South-South cooperation is associated with fresh dynamics, new hopes, and an increase in policy and economic alternatives. It also offers interesting current developments for comparative research in business cultures and environments. Eric Cezne and Ulrikke Wethal chose to examine capital–labour encounters in Mozambique, comparing two mega-projects implemented by two mega corporations: the Maputo Ring Road, a mega-infrastructure venture in urban mobility, implemented by the China Road and Bridge Corporation (CRBC) [from 2011], and the Moatize Coal Project, set around large-scale natural resource extraction, led by the Brazilian mining company Vale SA [from 2012]. The projects have a similar timeframes but they also exemplify the still dominant branches of Chinese (in infrastructure) and Brazilian (in extraction) investments.

In approaching this subject, the authors identify three analytical trends in the current literature: a focus on a 'commodity super-cycle', understood as a transnational, geopolitical development; a view on national economies and the (re-)positioning of domestic elites vis-à-vis investors and multinationals; and controversies of a special dimension inside countries or regions, where socio-economic struggles and livelihood shortcomings play out. Cezne and Wethal see these lenses of research as overlapping but rarely combined in current research. Their article may well be perceived as a contribution to 'cross-fertilization'. In search for an approach that makes this multi-focal power-lens available, the concept of the 'workplace' (and of 'workplace regimes') is introduced, 'a novel perspective turning attention to how South–South engagements play out on the ground’.  Cezne and Wethal refer to Michael Burawoy’s research on ‘the politics of production’, work that 'has been particularly influential in connecting the micro-politics of workplaces and specific labour relations with the macro-politics of national and global capital-labour relations'.

Approaching his cases in more detail, Cezne and Wethal follow Carlos Oya who developed a three-layered understanding for operationalizing workplace regimes analytically. He differentiates between (i) the organization of a particular workplace; (ii) industry and sector dynamics; and (iii) the national political economy.

After more than a decade of civil war (1977–1992) a foreign investment bonanza had produced its downside, ranging from dispossession practices and lack of local content formation to forms of elite capture as detriments to wider societal concerns. Cezne and Wethal present the decades after the Civil War as characterized by 'mega-project developmentalism', where Chinese and Brazilian business cultures shaped the 'workplace' in their respective ways.

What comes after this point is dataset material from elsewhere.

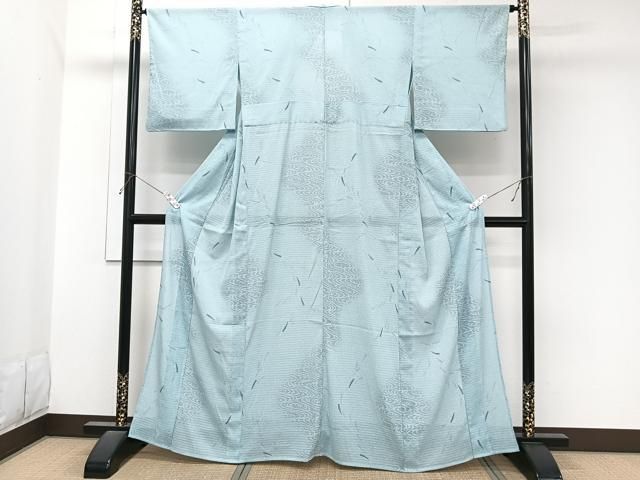 平和屋着物*夏物 小紋 絽縮緬 流水落ち葉文 洗える着物 CABN6995xi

National power configurations (incl. regional disparities) add to this. On a local level, circumstances are not uniform. In the course of the mining project, most ‘local’ jobs, especially as qualification levels increase, were traced to Mozambicans from Maputo and the country’s comparatively more affluent Southern regions, with local Mozambicans from Tete performing primarily low-skilled, temporary tasks. Nevertheless there are differences in the way locals are hired. For the Ring Road Project, smaller groups of Mozambican workers in low-skilled positions operated under the supervision of higher-skilled Chinese workers. And there was also a brain drain: Mozambican workers with higher degrees of training and certificates tended to leave the project, as previous qualifications were not respected by the Chinese company. Perceptions of 'racism' were also uttered. Segregation marked the situation in the Chinese project with Chinese workers living in their own dormitories. Dispossession occurred in the Brazilian Vale SD project area when 500 local artisanal brick-makers lost their original livelihood sites due to Vale’s encroaching concession. Both mega-projects faced labour strikes. Both projects did little to establish sustainable work, education, or social infrastructure. Mega-projects, it seems, did not reduce youth unemployment in any sustainable way.

In combining these levels of analysis Cezne and Wethal suggest convincingly that this much-lauded dynamics of Mozambican developmentalism does little to change structures and the quality of the workplace in any sustainable way. Contrary to hopes, as associated with many with South-South investments in independent African countries, the structural conditions for an endemic youth unemployment are unchanged. Patterns that have long characterized Africa’s encounters with large-scale foreign investments seem to be replicated. Given that African countries are increasingly positioning resource extraction and infrastructure at the heart of national development plans, this is unlikely to change soon. And the worse is already on the doors: a lingering ‘jihadi’ insurgency in Mozambique’s gas-rich province of Cabo Delgado is, and Cezne and Wethal quote Joseph Hanlon approvingly, 'at least in part, the much more expensive outcome of not investing in local jobs and development’.

Applying the 'workplace' concept in their analysis of two mega-projects in Mozambique, Cezne and Wethal have used a novel approach to combine multiple levels of analysis, thereby contributing to a deeper understanding of the complexity of capital-labour encounters and their effects.